> On December 29, 2022, we were alerted to suspicious GitHub OAuth activity by one of our customers. This notification kicked off a deeper review by CircleCI’s security team with GitHub.
> ...
> Review GitHub audit log files for unexpected commands such as ... repo.download_zip
I don't know what you'd get from GitHub other than source code but the CircleCI blog post explicitly describes the attacker downloading entire repos as a .zip
GitHub OAuth access credentials could be used to compromise OAuth-authenticated apps. And GitHub personal access tokens with too broad of permissions could download pretty much anything, including any secrets stored in GitHub Actions.
But getting the source code is pretty bad by itself. Not from an intellectual property standpoint, but because I've never seen a company whose developers didn't commit live credentials into their source code.

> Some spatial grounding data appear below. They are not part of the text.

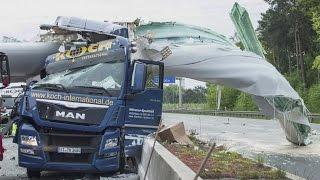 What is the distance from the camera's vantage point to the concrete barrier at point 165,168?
6.97 meters

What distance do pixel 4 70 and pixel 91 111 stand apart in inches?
68.3

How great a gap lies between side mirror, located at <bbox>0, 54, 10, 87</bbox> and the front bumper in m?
0.93

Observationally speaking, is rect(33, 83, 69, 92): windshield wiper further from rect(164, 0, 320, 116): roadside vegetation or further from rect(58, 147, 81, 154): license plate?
rect(164, 0, 320, 116): roadside vegetation

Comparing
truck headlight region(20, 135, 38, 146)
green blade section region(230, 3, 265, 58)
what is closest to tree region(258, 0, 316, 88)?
green blade section region(230, 3, 265, 58)

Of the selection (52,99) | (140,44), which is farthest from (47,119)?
(140,44)

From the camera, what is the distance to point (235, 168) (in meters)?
10.3

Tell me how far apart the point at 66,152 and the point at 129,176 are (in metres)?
1.30

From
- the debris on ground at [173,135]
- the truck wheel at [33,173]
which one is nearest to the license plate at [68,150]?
the truck wheel at [33,173]

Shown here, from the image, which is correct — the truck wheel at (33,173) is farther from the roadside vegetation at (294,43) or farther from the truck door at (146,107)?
the roadside vegetation at (294,43)

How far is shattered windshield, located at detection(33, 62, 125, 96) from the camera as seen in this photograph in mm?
12430

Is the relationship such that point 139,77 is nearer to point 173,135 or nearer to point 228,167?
point 173,135

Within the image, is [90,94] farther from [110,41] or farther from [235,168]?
[235,168]

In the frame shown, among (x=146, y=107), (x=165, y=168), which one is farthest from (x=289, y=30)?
(x=165, y=168)

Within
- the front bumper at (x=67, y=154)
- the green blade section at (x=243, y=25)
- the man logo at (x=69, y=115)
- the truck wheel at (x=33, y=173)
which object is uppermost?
the green blade section at (x=243, y=25) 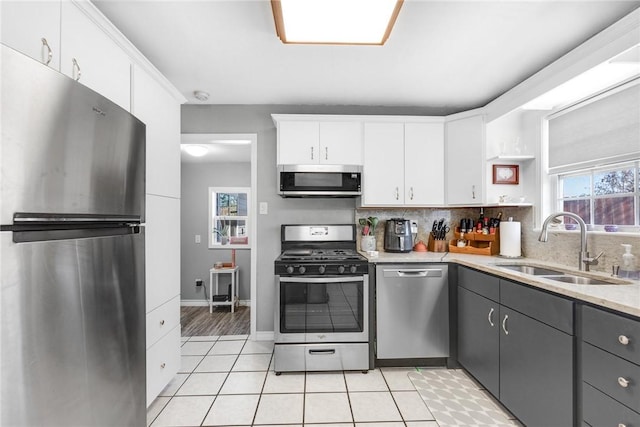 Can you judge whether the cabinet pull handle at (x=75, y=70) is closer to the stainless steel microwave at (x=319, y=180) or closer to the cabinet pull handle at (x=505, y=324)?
the stainless steel microwave at (x=319, y=180)

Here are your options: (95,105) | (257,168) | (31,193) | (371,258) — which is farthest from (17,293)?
(257,168)

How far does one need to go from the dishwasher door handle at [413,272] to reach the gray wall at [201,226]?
270 centimetres

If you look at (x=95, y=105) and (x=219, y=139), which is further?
(x=219, y=139)

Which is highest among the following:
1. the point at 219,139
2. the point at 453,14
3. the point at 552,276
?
the point at 453,14

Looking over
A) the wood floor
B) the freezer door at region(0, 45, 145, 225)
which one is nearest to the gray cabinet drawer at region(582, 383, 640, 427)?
the freezer door at region(0, 45, 145, 225)

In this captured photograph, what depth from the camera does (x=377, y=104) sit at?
292 cm

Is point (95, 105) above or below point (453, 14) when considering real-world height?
below

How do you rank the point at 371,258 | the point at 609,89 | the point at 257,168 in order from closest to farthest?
the point at 609,89, the point at 371,258, the point at 257,168

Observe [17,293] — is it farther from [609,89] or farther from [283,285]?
[609,89]

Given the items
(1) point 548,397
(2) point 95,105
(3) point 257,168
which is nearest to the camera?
(2) point 95,105

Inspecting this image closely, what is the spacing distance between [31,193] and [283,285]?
170cm

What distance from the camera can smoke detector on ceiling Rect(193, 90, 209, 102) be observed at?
2.61 metres

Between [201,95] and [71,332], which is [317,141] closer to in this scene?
[201,95]

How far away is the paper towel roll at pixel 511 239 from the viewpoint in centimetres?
242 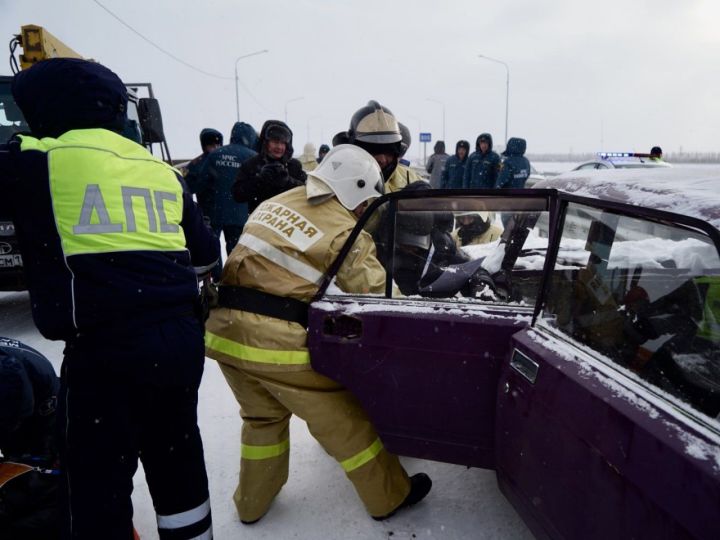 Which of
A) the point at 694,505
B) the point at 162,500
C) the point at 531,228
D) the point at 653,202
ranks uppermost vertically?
the point at 653,202

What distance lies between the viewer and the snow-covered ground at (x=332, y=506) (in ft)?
7.14

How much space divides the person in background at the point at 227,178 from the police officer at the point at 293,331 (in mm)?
2894

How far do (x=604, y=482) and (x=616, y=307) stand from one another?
57 centimetres

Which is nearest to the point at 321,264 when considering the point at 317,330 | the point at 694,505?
the point at 317,330

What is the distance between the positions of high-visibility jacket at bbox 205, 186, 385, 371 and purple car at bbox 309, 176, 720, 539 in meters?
0.07

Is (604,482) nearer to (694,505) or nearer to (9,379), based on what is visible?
(694,505)

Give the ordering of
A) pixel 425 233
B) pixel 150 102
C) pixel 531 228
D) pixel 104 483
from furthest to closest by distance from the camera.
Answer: pixel 150 102 < pixel 531 228 < pixel 425 233 < pixel 104 483

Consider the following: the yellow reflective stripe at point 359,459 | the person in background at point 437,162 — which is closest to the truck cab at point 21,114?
the yellow reflective stripe at point 359,459

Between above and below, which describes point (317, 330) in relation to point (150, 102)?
below

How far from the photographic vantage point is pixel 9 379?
1930 mm

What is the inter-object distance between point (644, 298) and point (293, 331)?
1279 mm

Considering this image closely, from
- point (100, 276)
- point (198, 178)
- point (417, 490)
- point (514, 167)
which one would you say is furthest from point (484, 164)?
point (100, 276)

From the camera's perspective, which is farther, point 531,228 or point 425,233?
point 531,228

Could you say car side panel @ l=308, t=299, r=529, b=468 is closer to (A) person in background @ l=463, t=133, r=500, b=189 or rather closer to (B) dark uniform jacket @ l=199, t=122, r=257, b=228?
(B) dark uniform jacket @ l=199, t=122, r=257, b=228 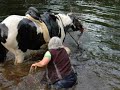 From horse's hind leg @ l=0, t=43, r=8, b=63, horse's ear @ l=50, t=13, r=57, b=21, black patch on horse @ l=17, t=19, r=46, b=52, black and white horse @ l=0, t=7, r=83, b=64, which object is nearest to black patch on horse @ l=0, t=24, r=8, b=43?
black and white horse @ l=0, t=7, r=83, b=64

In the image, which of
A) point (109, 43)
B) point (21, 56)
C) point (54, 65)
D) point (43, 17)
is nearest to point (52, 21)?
point (43, 17)

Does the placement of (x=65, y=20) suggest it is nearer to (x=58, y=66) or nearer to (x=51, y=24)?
(x=51, y=24)

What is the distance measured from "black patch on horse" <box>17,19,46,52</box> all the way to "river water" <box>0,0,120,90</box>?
2.30 ft

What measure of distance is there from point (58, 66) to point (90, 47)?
10.9 feet

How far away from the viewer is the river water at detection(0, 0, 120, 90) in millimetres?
8141

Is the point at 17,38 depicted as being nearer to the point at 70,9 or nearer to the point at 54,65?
the point at 54,65

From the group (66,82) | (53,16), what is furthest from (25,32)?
(66,82)

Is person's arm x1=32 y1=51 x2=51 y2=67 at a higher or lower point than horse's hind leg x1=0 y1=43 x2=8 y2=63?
higher

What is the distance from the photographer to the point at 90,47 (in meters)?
10.5

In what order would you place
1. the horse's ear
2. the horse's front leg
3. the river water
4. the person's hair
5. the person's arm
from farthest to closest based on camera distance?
1. the horse's ear
2. the horse's front leg
3. the river water
4. the person's hair
5. the person's arm

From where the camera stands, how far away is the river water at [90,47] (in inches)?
320

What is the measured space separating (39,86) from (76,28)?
3.04 meters

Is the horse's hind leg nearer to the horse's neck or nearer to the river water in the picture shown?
the river water

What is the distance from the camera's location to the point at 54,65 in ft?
24.3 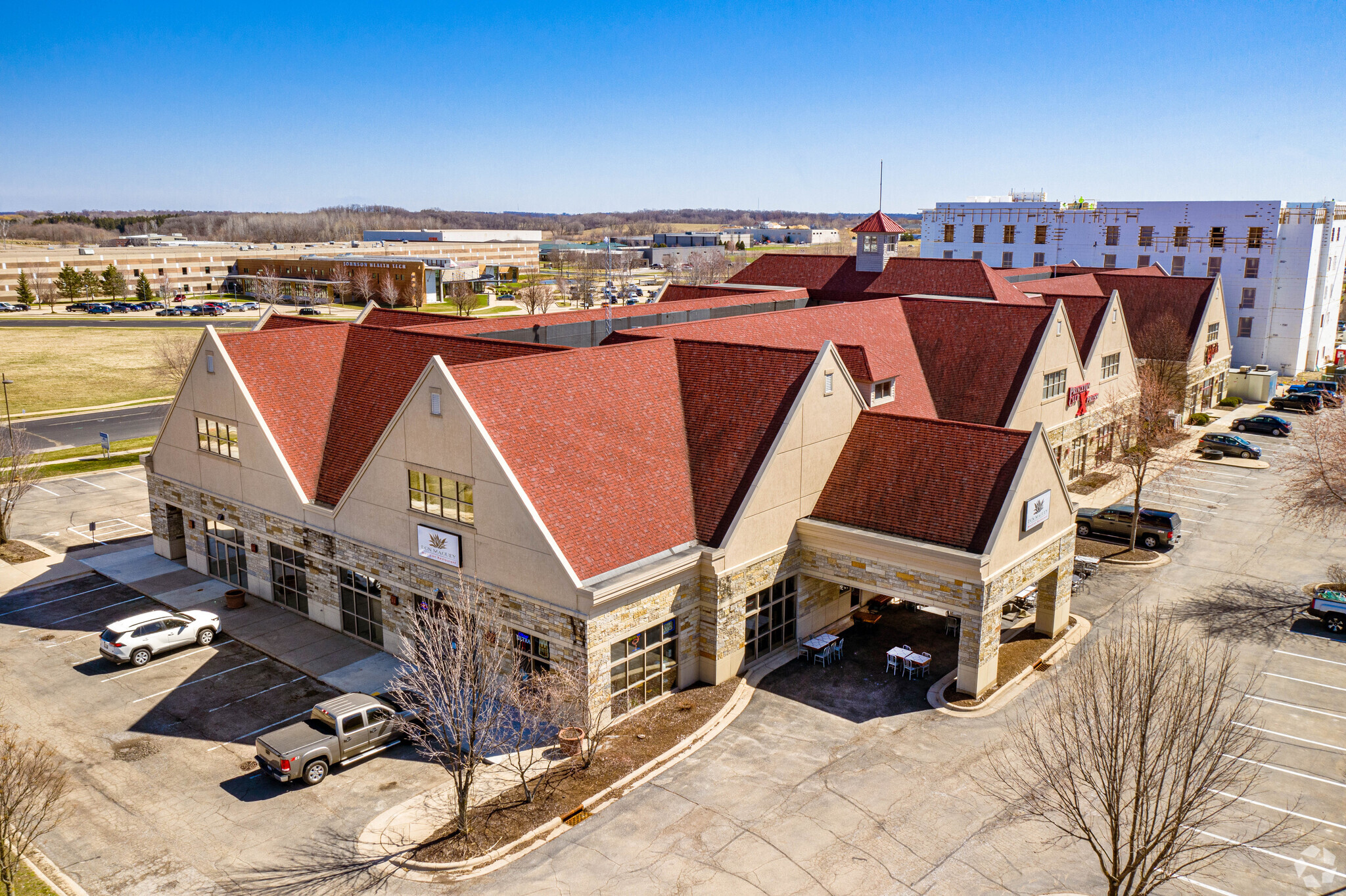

If they had access to GitHub Actions creds, I'm assuming the attackers could also push releases. I wonder how much malware is now in the wild because of this breach
> I've never seen a company whose developers didn't commit live credentials into their source code.
I don’t do that, but I’m pretty pathological about stuff like that.
I learned it from the company I used to work for, who were paranoid to the point of lunacy, about Chinese hackers (they were breached once, and took the lesson to extremes).
I don’t think they are an outlier. I’ll bet lots of companies are just as tinfoil.
It’s a downright unbearable development environment, though.
Github secrets are encrypted, right? I didn't think there was any way to access them without running a github actions job that deliberately uploads them somewhere else (or echos them into the log with rot13/base64 or something else).
The article is referring to how the attacker could use the stolen github tokens to download someone's source code. The source code isn't coming from CircleCI
CircleCI has listed literally every kind of credential used by its users as vulnerable. This includes deploy keys that are used to download source code. Anyone who has access to customer data, and a deploy key, can just check out the source code, instantly.
The extent to which CircleCI has gone to eliminate all threats is... scary. They've gotten GitHub to invalidate any GitHub access tokens used by a CircleCI customer. They've gotten AWS to e-mail AWS customers if one of their access keys was stored in CircleCI. It's a complete and total compromise of literally every customer secret in CircleCI. I expect this will be the biggest hack of 2023... and it's still January.
So, yeah, I'm pretty sure customer source code is up for grabs.